What impact will rising interest rates have on the economy in 2023? This is one of the big economic questions of the moment, and it is answered by Blu Putnam, chief economist at CME Group.
In a video released by the financial markets firm, Putnam explains how the Federal Reserve's monetary policy affects household finances as well as the most immediate consequences of its current rate hike policy.
Monetary and fiscal policies
Two aspects of economic policy have created the current high inflation situation: the Federal Reserve's policy of historically very low rates, maintained for years, and the increase in government spending over the last two Administrations, and especially during the current Biden Administration.

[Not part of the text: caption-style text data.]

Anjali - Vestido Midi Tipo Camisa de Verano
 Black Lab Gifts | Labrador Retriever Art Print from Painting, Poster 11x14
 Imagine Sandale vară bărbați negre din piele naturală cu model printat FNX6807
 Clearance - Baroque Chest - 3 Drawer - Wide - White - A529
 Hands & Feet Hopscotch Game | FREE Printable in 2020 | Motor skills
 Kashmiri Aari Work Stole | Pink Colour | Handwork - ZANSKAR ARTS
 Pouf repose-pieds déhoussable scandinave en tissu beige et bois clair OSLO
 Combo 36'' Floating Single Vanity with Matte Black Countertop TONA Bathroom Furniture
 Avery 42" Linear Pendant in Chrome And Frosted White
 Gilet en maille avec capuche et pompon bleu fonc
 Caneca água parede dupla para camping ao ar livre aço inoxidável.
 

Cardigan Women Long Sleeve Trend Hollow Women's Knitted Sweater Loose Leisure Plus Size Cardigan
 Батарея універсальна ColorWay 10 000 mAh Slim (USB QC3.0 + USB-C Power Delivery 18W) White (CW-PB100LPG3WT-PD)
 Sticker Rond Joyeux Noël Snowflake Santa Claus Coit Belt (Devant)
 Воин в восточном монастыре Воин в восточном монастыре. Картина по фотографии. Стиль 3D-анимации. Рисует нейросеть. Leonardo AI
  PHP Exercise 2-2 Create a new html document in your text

Economists generally believe that an increase in domestic demand will increase inflation, so in order to reduce inflation, domestic demand must be reduced. There are two instruments that do this: monetary and fiscal policy. The Federal Reserve, in charge of monetary policy, is raising interest rates and helping to control inflation. However, Joe Biden responds by adding more government spending measures, which is like trying to put out a fire by drowning it in gasoline. In fact, despite the Fed's policy, inflation is holding out against falling. The year-to-year rate surprised analysts by dropping only one tenth of a percentage point in September to 8.2%.
Real effects in 2023
That is not to say that monetary policy is not having an effect. Which are they? Blu Putnam explains that the "Federal Reserve’s primary tool for influencing the real economy runs through its ability to set short term interest rates." He reminds us that the Fed has been raising interest rates and reducing its balance sheet. He adds:
As for the US real economy, rate hikes have a direct effect on mortgages. 30-year mortgage rates have more than doubled in 2022. This has made buying a house much more expensive. House already under construction are generally completed, but builders typically become more cautious about new projects. Future housing construction is likely to be constrained in 2023. This lagged impact eventually spreads through all the inputs in the construction process, from labor in wood to appliances, and so forth.
In short, "the rate hikes of 2022 have been felt in mortgage rates, but the full impact on the economy, which has already been set in motion, will not be observed until 2023."
On the other hand, the CME Group economist recalls that housing prices are not part of the price index. Currently, Putnam says, core inflation may appear to be difficult to reduce. However, he points out that the forces for its control are already in place.